“You’re right. I can’t get rid of my walking partner.” He drapes an arm over my shoulders.
I kind of like the weight of it. The warmth.
“I guess I’ll keep you around,” he adds at last.
I smile, and it’s not the sardonic one I save for him.
Another first.
“Cool.”
“Cool,” he echoes, flashing his lopsided smile.
And okay… maybe it’s not so bad.
BEEKEEPER
WEEK 3
EIGHTEEN
Dominic kepthis promise to keep me around—I even got the first rose last week. This time, I got a basic one, like all the other girls. I haven’t received a Hellebore since the first week. I think I prefer the odd flower.
At least our walks have stayed consistent, continuing every day.
Our conversations run the gamut: light, weird, occasionally too honest. Earlier in the week, a string of random questions turned into a game of Two Truths and a Lie. I guessed Dominic’s on the first try, not that he made it hard.
“My mom let me have a pet raccoon, but when my dad found out, he called animal control. I’ve broken my nose twice. And I’ve never seen The Notebook,” he’d said.
Obviously, The Notebook was a lie. No way a guy who’s that much of a hopeful romantic—and who not-so-secretly reads romance novels—hasn’t seen it at least once. I’d bet money he’s watched it multiple times. Possibly cried.

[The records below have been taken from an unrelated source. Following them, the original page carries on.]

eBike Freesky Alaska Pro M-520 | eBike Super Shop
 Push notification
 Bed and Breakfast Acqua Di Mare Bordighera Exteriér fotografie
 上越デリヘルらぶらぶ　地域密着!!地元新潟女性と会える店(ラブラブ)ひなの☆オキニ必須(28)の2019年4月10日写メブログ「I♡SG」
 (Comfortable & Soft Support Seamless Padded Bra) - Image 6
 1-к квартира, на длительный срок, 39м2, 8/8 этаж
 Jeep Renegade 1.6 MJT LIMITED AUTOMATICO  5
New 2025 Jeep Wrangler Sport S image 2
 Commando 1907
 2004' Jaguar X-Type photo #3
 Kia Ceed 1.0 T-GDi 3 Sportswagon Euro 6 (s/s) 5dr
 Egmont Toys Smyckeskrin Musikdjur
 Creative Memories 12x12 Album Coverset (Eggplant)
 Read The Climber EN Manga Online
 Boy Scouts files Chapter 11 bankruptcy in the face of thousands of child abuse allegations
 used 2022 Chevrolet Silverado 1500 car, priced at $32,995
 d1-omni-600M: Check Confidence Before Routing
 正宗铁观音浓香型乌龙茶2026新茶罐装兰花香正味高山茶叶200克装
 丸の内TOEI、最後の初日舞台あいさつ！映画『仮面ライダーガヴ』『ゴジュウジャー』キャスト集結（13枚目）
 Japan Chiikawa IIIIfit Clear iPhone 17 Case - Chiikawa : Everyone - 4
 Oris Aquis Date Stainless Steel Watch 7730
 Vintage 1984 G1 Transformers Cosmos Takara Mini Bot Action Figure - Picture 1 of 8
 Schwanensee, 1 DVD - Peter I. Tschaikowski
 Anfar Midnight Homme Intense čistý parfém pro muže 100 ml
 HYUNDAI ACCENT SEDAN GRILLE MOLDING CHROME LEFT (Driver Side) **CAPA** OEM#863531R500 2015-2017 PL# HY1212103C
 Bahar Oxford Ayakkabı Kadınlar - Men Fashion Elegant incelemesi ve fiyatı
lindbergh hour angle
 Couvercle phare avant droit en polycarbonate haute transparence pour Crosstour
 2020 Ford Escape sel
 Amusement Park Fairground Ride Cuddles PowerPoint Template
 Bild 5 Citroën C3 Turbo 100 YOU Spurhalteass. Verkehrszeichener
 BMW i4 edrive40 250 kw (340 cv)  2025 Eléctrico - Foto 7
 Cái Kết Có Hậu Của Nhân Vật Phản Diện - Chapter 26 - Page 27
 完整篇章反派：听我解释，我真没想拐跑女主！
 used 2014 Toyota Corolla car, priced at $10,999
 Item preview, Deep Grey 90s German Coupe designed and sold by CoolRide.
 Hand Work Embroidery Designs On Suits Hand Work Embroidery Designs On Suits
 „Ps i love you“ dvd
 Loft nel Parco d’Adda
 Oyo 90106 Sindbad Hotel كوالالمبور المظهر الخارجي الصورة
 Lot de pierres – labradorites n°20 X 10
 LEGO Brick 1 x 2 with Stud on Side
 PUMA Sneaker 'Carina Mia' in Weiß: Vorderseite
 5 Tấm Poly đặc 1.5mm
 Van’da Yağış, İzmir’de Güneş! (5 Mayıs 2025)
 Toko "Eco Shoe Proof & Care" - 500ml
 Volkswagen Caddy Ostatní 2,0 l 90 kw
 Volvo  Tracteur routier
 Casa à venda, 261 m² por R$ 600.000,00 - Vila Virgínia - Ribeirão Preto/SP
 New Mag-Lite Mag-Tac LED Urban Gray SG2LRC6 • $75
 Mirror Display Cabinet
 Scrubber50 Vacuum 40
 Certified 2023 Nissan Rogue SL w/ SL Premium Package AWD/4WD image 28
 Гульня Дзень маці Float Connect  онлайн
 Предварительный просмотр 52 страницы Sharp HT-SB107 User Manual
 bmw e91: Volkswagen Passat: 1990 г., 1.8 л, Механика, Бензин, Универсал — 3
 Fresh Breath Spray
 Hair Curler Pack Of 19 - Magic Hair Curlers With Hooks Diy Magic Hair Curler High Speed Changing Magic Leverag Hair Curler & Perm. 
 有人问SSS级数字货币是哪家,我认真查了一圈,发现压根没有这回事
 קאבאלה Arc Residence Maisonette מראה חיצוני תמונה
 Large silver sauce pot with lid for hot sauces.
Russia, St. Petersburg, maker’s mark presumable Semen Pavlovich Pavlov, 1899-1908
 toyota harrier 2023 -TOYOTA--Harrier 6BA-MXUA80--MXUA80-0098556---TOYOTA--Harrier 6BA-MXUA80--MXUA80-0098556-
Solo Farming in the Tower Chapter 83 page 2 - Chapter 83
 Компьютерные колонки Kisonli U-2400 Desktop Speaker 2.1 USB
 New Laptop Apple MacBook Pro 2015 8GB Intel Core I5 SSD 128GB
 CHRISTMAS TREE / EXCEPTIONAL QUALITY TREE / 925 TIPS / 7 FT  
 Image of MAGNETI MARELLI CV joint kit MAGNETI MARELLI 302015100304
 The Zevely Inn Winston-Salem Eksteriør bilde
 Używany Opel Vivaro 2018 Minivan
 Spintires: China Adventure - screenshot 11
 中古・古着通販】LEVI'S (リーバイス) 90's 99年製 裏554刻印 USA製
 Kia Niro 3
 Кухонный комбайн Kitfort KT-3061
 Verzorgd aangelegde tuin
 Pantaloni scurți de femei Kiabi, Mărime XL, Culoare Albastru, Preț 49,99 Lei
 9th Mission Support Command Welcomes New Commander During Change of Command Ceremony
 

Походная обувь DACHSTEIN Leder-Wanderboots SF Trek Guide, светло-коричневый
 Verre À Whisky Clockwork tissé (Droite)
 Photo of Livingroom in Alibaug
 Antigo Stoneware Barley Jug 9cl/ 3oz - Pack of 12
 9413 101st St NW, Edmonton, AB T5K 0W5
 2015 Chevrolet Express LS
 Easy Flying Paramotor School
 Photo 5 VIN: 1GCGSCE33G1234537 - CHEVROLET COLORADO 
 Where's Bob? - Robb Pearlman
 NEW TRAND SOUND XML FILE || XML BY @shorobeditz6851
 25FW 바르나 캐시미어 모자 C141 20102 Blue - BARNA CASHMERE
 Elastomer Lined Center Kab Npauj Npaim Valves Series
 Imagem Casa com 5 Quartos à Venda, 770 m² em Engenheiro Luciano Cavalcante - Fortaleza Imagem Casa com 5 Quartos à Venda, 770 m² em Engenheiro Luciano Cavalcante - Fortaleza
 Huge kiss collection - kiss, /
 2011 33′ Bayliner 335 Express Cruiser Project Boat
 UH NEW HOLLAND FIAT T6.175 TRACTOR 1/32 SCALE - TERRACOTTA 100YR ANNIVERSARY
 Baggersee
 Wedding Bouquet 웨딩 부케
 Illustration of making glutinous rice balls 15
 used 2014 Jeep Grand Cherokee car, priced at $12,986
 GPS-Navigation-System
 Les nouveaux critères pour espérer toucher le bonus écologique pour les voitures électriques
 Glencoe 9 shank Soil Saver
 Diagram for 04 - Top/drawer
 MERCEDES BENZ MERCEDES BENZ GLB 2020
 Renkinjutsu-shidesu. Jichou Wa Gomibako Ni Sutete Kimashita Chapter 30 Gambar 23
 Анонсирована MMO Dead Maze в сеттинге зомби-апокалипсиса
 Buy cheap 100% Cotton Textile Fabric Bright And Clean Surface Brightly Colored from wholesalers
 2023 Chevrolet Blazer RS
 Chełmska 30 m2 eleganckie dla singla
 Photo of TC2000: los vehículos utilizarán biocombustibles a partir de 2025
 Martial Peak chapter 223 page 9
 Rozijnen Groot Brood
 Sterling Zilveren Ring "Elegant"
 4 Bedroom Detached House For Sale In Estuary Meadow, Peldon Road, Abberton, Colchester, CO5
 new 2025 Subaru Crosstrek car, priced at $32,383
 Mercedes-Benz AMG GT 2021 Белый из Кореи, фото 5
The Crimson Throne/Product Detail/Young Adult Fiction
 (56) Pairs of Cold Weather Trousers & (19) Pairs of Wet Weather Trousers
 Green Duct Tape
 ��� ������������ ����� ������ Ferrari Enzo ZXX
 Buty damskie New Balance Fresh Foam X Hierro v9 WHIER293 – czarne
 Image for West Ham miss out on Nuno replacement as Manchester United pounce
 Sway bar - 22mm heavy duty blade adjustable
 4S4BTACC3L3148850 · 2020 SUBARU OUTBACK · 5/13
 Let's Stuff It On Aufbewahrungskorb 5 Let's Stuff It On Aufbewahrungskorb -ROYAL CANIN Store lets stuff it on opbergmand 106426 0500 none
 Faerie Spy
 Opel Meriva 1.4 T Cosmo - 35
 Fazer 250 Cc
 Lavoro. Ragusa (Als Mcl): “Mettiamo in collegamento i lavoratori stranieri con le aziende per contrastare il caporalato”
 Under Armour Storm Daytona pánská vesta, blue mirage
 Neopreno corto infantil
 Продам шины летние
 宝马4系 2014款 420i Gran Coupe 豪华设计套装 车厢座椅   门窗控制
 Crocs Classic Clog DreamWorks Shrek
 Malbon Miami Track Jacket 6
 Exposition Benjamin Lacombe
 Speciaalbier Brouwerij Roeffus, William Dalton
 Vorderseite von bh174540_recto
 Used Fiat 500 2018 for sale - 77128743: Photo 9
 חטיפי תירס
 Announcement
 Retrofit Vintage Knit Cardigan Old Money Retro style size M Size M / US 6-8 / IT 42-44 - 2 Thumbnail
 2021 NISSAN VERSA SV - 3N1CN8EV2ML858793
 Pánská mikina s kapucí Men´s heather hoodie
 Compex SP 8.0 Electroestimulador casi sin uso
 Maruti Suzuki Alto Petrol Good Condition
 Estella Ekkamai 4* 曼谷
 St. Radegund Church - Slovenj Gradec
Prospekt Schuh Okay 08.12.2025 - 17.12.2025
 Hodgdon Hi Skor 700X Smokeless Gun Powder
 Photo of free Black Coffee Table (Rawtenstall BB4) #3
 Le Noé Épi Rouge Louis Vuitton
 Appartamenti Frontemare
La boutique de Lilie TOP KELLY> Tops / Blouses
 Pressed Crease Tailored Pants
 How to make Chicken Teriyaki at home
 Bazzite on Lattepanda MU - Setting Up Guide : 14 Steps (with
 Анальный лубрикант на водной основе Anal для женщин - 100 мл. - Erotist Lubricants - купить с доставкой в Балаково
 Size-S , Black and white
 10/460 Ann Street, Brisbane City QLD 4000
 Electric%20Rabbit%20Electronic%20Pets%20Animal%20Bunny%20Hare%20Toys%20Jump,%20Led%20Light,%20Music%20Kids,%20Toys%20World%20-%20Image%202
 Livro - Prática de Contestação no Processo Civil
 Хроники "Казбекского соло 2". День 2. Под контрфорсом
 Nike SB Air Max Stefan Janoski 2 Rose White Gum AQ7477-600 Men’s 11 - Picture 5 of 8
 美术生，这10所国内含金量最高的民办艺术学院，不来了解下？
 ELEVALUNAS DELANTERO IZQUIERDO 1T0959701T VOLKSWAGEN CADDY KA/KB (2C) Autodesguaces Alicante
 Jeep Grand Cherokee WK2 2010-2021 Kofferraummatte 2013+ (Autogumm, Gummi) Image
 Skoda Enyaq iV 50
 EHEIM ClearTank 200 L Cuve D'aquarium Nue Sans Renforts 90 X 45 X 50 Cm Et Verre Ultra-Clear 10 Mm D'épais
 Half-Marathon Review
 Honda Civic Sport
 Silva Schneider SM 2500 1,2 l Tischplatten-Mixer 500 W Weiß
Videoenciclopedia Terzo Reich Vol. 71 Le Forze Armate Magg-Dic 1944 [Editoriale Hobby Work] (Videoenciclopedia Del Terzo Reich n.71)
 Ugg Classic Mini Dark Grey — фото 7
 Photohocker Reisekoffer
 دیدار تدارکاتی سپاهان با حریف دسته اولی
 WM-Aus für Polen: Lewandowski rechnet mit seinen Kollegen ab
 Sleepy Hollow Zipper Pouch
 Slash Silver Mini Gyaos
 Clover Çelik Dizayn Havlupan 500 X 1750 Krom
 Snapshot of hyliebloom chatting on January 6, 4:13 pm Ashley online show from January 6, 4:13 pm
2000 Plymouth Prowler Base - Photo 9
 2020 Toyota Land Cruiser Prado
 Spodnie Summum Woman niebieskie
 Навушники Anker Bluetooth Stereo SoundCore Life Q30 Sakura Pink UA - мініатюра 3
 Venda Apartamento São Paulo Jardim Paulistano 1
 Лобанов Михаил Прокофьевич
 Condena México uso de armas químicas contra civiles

Mine were: “I’m terrified of turtles, my middle name is Madonna, and my dream vacation is Hawaii.”
“Well, isn’t that a coincidence?” He’d chuckled. “Now I know why you really came.”
“I told you that from the start,” I’d insisted.
He’d guessed the turtle. I threw him with the middle name.
My dad once told me how my mom joked about naming me after her favorite pop star when she was pregnant. He vetoed it. But after we lost her, he changed his mind. And that’s how I ended up with a middle name that usually gets me raised eyebrows and follow-up questions.
It’s weird, but I like it.
Dominic laughed so hard he nearly tripped over driftwood. But when I told him the full story, he said he liked it, too.
A couple of days after that, we didn’t walk so much as collapse onto the sand and stare at the sky. He claimed his body was too sore to move. Apparently, his one-on-one with River involved trampolines. He said it was more exhausting than sixty minutes of hockey. I didn’t argue, though I had my doubts.
The ocean was still dusky, but sunlight had started creeping over the hills, tinting everything in soft gold and pale pink, when I admitted that our daily walks aren’t quite enough anymore.
That familiar buzz is starting to crawl under my skin again. I’m not the only one going stir-crazy in that house, but I feel it more than most.
I’m eager to move again. One more week until we head to Chicago. I didn’t think I’d be this ready to go home, but the change of scenery will be nice, and seeing my brother and Hannah will be good. I’m not sure I’ll get to see my parents, though, since the plan is for all the women to meet Dominic’s family. Which, of course, includes Ryan.
Yesterday, he surprised me with coffee. I guess he finally got tired of me complaining about the mansion’s Keurig and its weak bean-water—it doesn’t even qualify as coffee.
He brewed it with some fancy espresso machine in his place, but one sip told me he should probably stick to taking shots on the ice. It was so bitter it made my eyes water. I managed a fewsips before I “accidentally” tipped it over, the sludge melting into the sand.
Still, it’s the thought that counts.